A good example of this process at work right now would be McKenzie Wark's new book, GAM3R 7HE0RY -- a collaboration with the Institute for the Future of the Book, a group which is exploring innovative new approaches to publishing. Wark has posted the entire book on the web where it is generating lively discussions among gamers, game industry insiders, and games researchers alike.
Unfortunately, little or none of this activity counts towards tenure and promotion within most universities. Indeed, there are lots of institutional pressures discouraging younger academics from engaging in public outreach in forms which do not "advance their careers" and this slows down many who might otherwise try to broaden the conversation. Right now, these outlets end up becoming part of a "process" which leads towards a more monumental publication, rather than being seen as valuable in their own right. For the time being, it seems unlikely that we can escape the stranglehold that university presses have on our writing because of the credentialization issue. Yet, the push away from more specialized publications may force this to change. Whole disciplines may discover that they have no print outlets for their work and will have to reorganize and find ways to use digital publishing and peer-review to achieve the same goals.
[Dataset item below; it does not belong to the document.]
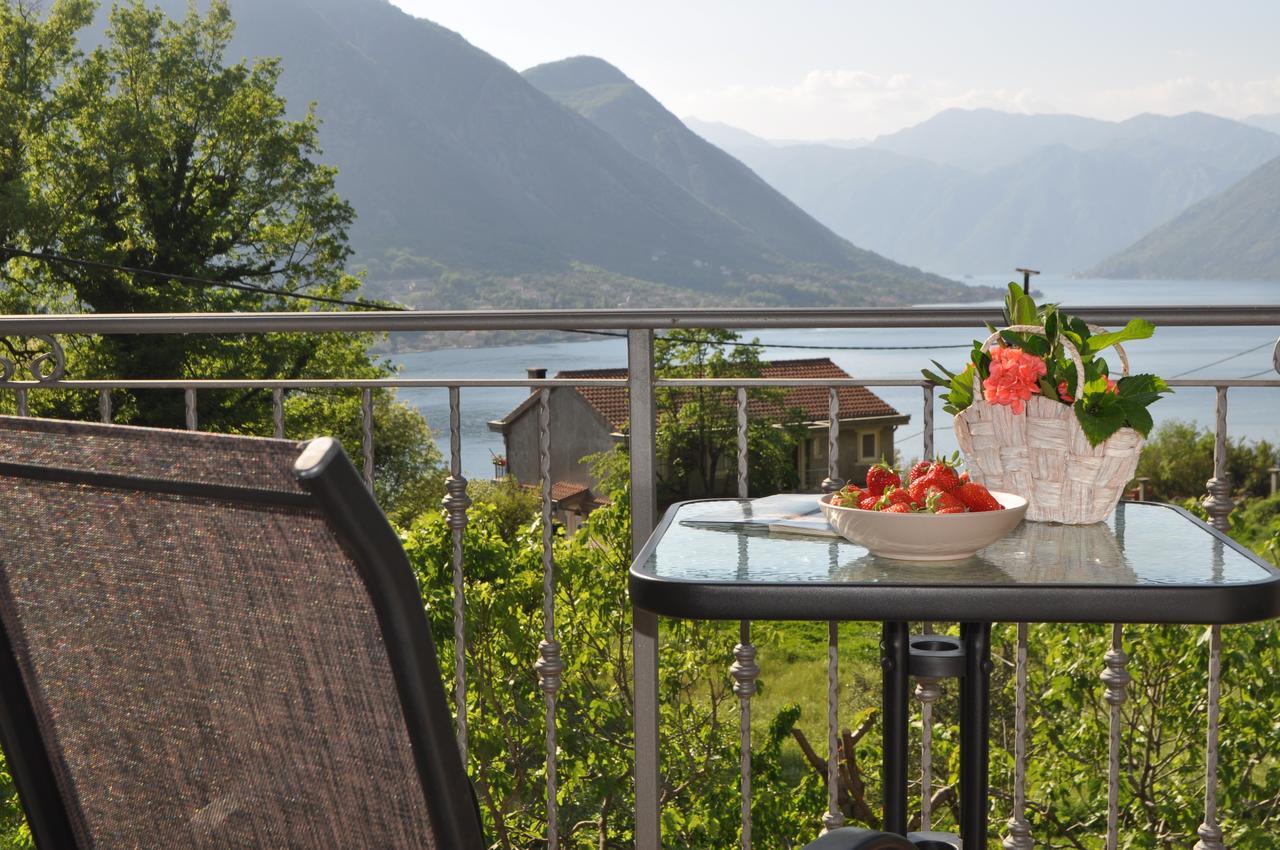 Apartment Maritimo Kotor Exteriér fotografie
Update: Jonathan's comments below are a useful corrective and I accept them as a friendly ammendment to this original post. I was speaking from the perspective of someone who very much wants to be sharing my current work with a larger public and has every reason to want to go beyond the academic bookstore and university library space. But university presses sometimes (less often than they once did) do valuable work when they publish research that does not have a strong market appeal, that is unpopular, challenging, difficult, or groundbreaking in ways that is not going to be finding a broad public audience anytime soon. Nothing in my text should be taken as devaluing either such work or the job that university presses play in publishing it. That said, I still question whether many academics don't fall back on this as an excuse for sloppy and jargon-filled writing when they might want to examine closely their motives for closing off such work from larger public scrutiny. I suppose I have more faith in the public's ability and willingness to engage with serious ideas than current academic practice acknowledges. More than anything else, though, I want to open up more options for different kinds of academic publishing that does have greater public access and that is open to a more exploratory process. I don't think Jonathan or I disagree on that point.